Exercise directions:
The answer must be the complete listing, copied exactly.
-=-=-
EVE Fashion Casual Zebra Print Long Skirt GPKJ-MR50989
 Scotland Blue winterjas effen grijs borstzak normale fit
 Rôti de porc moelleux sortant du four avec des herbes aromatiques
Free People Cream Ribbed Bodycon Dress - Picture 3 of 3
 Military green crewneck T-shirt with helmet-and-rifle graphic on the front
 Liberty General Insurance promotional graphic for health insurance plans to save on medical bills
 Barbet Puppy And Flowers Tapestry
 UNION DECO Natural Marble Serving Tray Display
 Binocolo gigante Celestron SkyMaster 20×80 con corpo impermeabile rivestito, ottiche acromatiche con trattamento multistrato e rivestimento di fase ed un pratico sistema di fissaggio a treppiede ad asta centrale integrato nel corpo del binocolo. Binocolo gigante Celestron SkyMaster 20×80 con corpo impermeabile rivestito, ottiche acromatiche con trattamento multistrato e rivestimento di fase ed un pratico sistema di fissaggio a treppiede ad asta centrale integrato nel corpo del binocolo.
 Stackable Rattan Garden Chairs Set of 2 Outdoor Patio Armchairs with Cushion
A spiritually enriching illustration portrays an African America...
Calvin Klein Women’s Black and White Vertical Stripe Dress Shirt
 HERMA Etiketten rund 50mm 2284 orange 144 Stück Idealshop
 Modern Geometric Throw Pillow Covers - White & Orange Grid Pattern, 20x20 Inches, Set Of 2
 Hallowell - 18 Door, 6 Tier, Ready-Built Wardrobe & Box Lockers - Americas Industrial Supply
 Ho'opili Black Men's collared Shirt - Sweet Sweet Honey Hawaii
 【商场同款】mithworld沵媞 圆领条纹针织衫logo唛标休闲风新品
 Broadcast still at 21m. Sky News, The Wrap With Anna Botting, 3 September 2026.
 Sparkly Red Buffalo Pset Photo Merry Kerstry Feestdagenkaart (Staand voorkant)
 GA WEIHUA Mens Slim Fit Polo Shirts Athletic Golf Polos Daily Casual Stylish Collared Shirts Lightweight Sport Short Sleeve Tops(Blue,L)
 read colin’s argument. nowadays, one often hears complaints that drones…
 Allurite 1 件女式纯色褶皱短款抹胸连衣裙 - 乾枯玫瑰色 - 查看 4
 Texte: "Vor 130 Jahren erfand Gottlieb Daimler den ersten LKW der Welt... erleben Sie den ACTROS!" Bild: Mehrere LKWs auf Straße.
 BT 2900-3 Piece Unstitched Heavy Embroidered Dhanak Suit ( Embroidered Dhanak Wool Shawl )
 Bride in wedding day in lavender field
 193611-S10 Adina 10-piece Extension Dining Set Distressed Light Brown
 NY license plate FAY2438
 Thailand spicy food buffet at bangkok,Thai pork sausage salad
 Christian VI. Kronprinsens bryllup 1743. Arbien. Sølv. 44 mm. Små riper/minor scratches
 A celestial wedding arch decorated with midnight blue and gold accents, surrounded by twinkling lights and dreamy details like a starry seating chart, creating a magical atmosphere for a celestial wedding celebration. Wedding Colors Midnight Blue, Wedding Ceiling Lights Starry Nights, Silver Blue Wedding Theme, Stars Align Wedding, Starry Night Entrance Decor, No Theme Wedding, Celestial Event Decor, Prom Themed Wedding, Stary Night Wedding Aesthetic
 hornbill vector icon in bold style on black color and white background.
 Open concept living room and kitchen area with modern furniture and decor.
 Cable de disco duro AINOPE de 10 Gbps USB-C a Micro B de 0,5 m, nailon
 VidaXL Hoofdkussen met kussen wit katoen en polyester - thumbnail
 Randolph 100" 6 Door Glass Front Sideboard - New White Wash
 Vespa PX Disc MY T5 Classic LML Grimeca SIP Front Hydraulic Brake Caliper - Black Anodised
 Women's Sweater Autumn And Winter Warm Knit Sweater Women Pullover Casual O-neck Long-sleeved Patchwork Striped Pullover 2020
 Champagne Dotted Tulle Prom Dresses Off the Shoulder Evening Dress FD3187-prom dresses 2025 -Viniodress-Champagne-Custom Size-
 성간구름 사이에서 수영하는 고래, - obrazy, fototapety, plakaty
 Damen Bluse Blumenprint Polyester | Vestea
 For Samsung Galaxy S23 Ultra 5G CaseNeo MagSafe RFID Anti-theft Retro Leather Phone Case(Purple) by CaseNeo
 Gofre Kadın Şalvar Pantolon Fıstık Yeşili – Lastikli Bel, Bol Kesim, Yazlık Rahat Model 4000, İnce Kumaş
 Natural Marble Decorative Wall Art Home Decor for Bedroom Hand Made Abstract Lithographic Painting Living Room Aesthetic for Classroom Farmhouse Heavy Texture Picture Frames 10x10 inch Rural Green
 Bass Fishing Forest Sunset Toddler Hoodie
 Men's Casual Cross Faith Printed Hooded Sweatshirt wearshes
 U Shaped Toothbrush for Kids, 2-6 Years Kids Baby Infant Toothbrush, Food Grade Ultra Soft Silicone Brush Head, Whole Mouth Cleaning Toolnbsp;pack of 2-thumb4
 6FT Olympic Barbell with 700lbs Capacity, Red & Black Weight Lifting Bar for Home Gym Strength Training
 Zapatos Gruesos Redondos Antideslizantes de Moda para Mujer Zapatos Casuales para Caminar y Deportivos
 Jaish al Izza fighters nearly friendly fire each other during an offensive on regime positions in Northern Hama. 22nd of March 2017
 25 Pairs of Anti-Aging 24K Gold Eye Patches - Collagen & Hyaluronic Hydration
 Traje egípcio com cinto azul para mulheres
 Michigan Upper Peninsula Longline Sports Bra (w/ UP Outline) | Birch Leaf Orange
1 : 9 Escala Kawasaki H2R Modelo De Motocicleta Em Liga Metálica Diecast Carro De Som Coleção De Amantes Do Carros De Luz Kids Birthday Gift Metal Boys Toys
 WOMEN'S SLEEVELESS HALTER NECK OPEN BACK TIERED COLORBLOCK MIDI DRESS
-=-=-
Task result:
EVE Fashion Casual Zebra Print Long Skirt GPKJ-MR50989
 Scotland Blue winterjas effen grijs borstzak normale fit
 Rôti de porc moelleux sortant du four avec des herbes aromatiques
Free People Cream Ribbed Bodycon Dress - Picture 3 of 3
 Military green crewneck T-shirt with helmet-and-rifle graphic on the front
 Liberty General Insurance promotional graphic for health insurance plans to save on medical bills
 Barbet Puppy And Flowers Tapestry
 UNION DECO Natural Marble Serving Tray Display
 Binocolo gigante Celestron SkyMaster 20×80 con corpo impermeabile rivestito, ottiche acromatiche con trattamento multistrato e rivestimento di fase ed un pratico sistema di fissaggio a treppiede ad asta centrale integrato nel corpo del binocolo. Binocolo gigante Celestron SkyMaster 20×80 con corpo impermeabile rivestito, ottiche acromatiche con trattamento multistrato e rivestimento di fase ed un pratico sistema di fissaggio a treppiede ad asta centrale integrato nel corpo del binocolo.
 Stackable Rattan Garden Chairs Set of 2 Outdoor Patio Armchairs with Cushion
A spiritually enriching illustration portrays an African America...
Calvin Klein Women’s Black and White Vertical Stripe Dress Shirt
 HERMA Etiketten rund 50mm 2284 orange 144 Stück Idealshop
 Modern Geometric Throw Pillow Covers - White & Orange Grid Pattern, 20x20 Inches, Set Of 2
 Hallowell - 18 Door, 6 Tier, Ready-Built Wardrobe & Box Lockers - Americas Industrial Supply
 Ho'opili Black Men's collared Shirt - Sweet Sweet Honey Hawaii
 【商场同款】mithworld沵媞 圆领条纹针织衫logo唛标休闲风新品
 Broadcast still at 21m. Sky News, The Wrap With Anna Botting, 3 September 2026.
 Sparkly Red Buffalo Pset Photo Merry Kerstry Feestdagenkaart (Staand voorkant)
 GA WEIHUA Mens Slim Fit Polo Shirts Athletic Golf Polos Daily Casual Stylish Collared Shirts Lightweight Sport Short Sleeve Tops(Blue,L)
 read colin’s argument. nowadays, one often hears complaints that drones…
 Allurite 1 件女式纯色褶皱短款抹胸连衣裙 - 乾枯玫瑰色 - 查看 4
 Texte: "Vor 130 Jahren erfand Gottlieb Daimler den ersten LKW der Welt... erleben Sie den ACTROS!" Bild: Mehrere LKWs auf Straße.
 BT 2900-3 Piece Unstitched Heavy Embroidered Dhanak Suit ( Embroidered Dhanak Wool Shawl )
 Bride in wedding day in lavender field
 193611-S10 Adina 10-piece Extension Dining Set Distressed Light Brown
 NY license plate FAY2438
 Thailand spicy food buffet at bangkok,Thai pork sausage salad
 Christian VI. Kronprinsens bryllup 1743. Arbien. Sølv. 44 mm. Små riper/minor scratches
 A celestial wedding arch decorated with midnight blue and gold accents, surrounded by twinkling lights and dreamy details like a starry seating chart, creating a magical atmosphere for a celestial wedding celebration. Wedding Colors Midnight Blue, Wedding Ceiling Lights Starry Nights, Silver Blue Wedding Theme, Stars Align Wedding, Starry Night Entrance Decor, No Theme Wedding, Celestial Event Decor, Prom Themed Wedding, Stary Night Wedding Aesthetic
 hornbill vector icon in bold style on black color and white background.
 Open concept living room and kitchen area with modern furniture and decor.
 Cable de disco duro AINOPE de 10 Gbps USB-C a Micro B de 0,5 m, nailon
 VidaXL Hoofdkussen met kussen wit katoen en polyester - thumbnail
 Randolph 100" 6 Door Glass Front Sideboard - New White Wash
 Vespa PX Disc MY T5 Classic LML Grimeca SIP Front Hydraulic Brake Caliper - Black Anodised
 Women's Sweater Autumn And Winter Warm Knit Sweater Women Pullover Casual O-neck Long-sleeved Patchwork Striped Pullover 2020
 Champagne Dotted Tulle Prom Dresses Off the Shoulder Evening Dress FD3187-prom dresses 2025 -Viniodress-Champagne-Custom Size-
 성간구름 사이에서 수영하는 고래, - obrazy, fototapety, plakaty
 Damen Bluse Blumenprint Polyester | Vestea
 For Samsung Galaxy S23 Ultra 5G CaseNeo MagSafe RFID Anti-theft Retro Leather Phone Case(Purple) by CaseNeo
 Gofre Kadın Şalvar Pantolon Fıstık Yeşili – Lastikli Bel, Bol Kesim, Yazlık Rahat Model 4000, İnce Kumaş
 Natural Marble Decorative Wall Art Home Decor for Bedroom Hand Made Abstract Lithographic Painting Living Room Aesthetic for Classroom Farmhouse Heavy Texture Picture Frames 10x10 inch Rural Green
 Bass Fishing Forest Sunset Toddler Hoodie
 Men's Casual Cross Faith Printed Hooded Sweatshirt wearshes
 U Shaped Toothbrush for Kids, 2-6 Years Kids Baby Infant Toothbrush, Food Grade Ultra Soft Silicone Brush Head, Whole Mouth Cleaning Toolnbsp;pack of 2-thumb4
 6FT Olympic Barbell with 700lbs Capacity, Red & Black Weight Lifting Bar for Home Gym Strength Training
 Zapatos Gruesos Redondos Antideslizantes de Moda para Mujer Zapatos Casuales para Caminar y Deportivos
 Jaish al Izza fighters nearly friendly fire each other during an offensive on regime positions in Northern Hama. 22nd of March 2017
 25 Pairs of Anti-Aging 24K Gold Eye Patches - Collagen & Hyaluronic Hydration
 Traje egípcio com cinto azul para mulheres
 Michigan Upper Peninsula Longline Sports Bra (w/ UP Outline) | Birch Leaf Orange
1 : 9 Escala Kawasaki H2R Modelo De Motocicleta Em Liga Metálica Diecast Carro De Som Coleção De Amantes Do Carros De Luz Kids Birthday Gift Metal Boys Toys
 WOMEN'S SLEEVELESS HALTER NECK OPEN BACK TIERED COLORBLOCK MIDI DRESS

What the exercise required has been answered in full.